=== Required action ===
All lines from the one containing "Nitragina 1 HA" through the final line of the listing below, and no others, must be returned exactly; no pictures belong in the copy.

=== Data excerpt ===

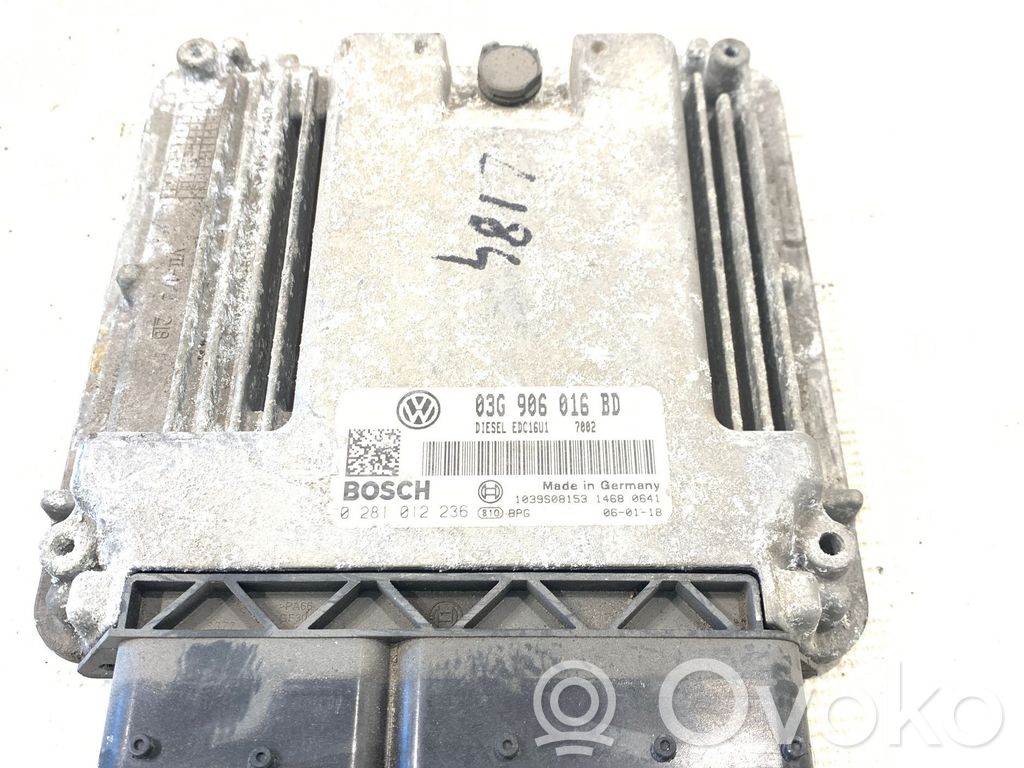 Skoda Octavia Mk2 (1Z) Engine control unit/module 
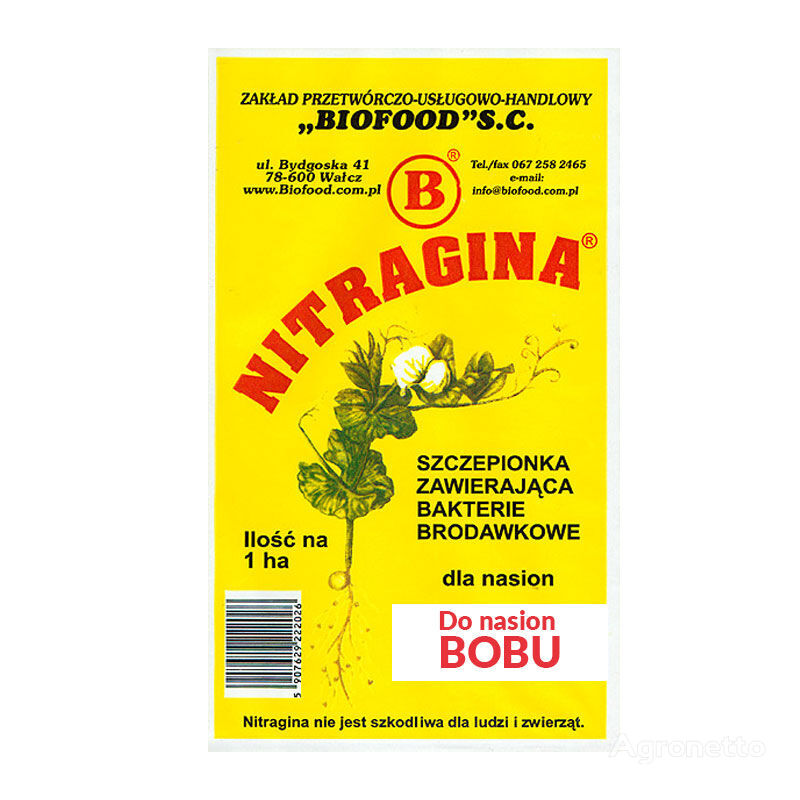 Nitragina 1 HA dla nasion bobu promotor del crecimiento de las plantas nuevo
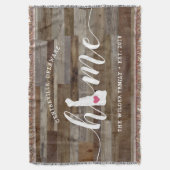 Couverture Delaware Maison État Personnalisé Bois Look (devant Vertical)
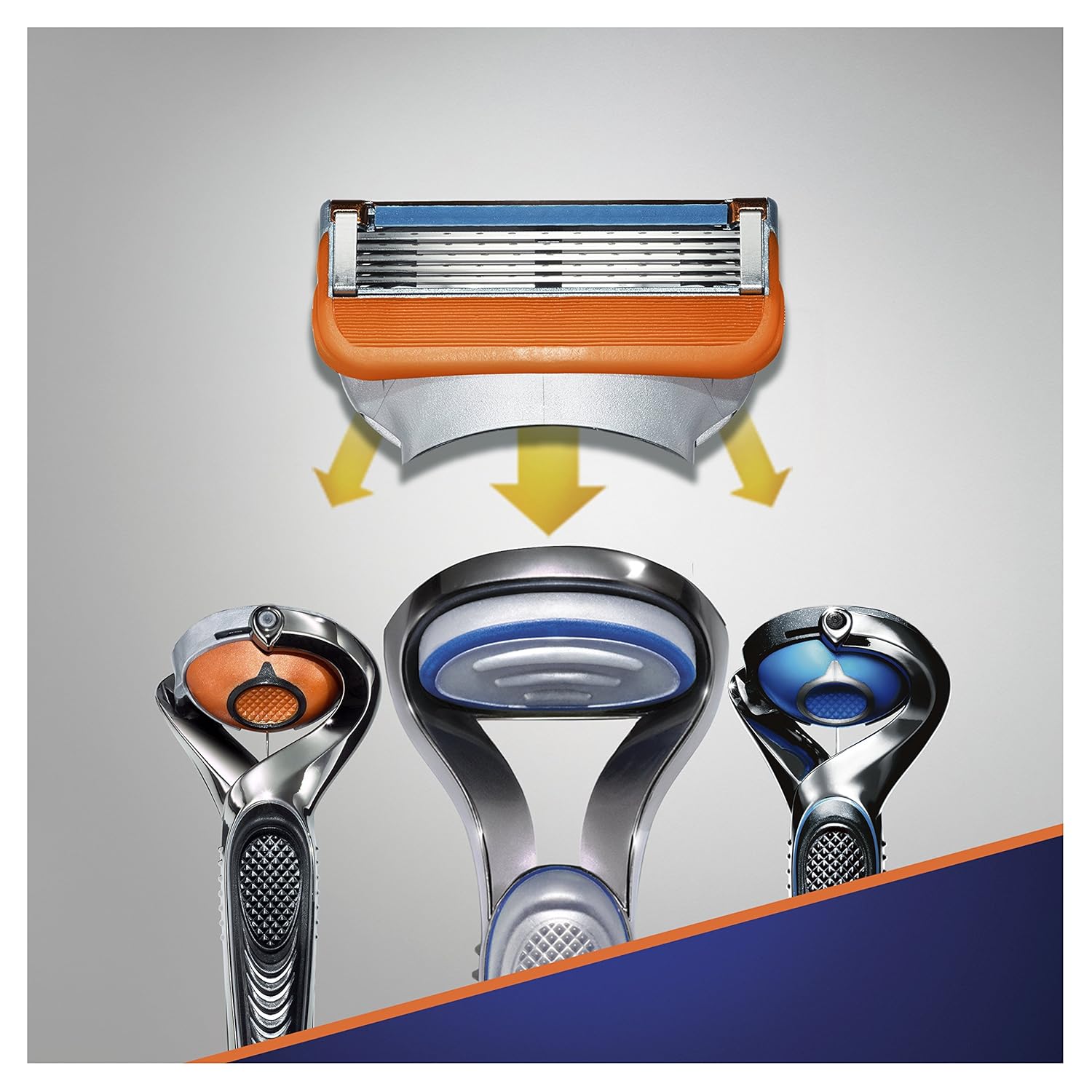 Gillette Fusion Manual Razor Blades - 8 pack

=== Response ===
 Nitragina 1 HA dla nasion bobu promotor del crecimiento de las plantas nuevo
 Couverture Delaware Maison État Personnalisé Bois Look (devant Vertical)
 Gillette Fusion Manual Razor Blades - 8 pack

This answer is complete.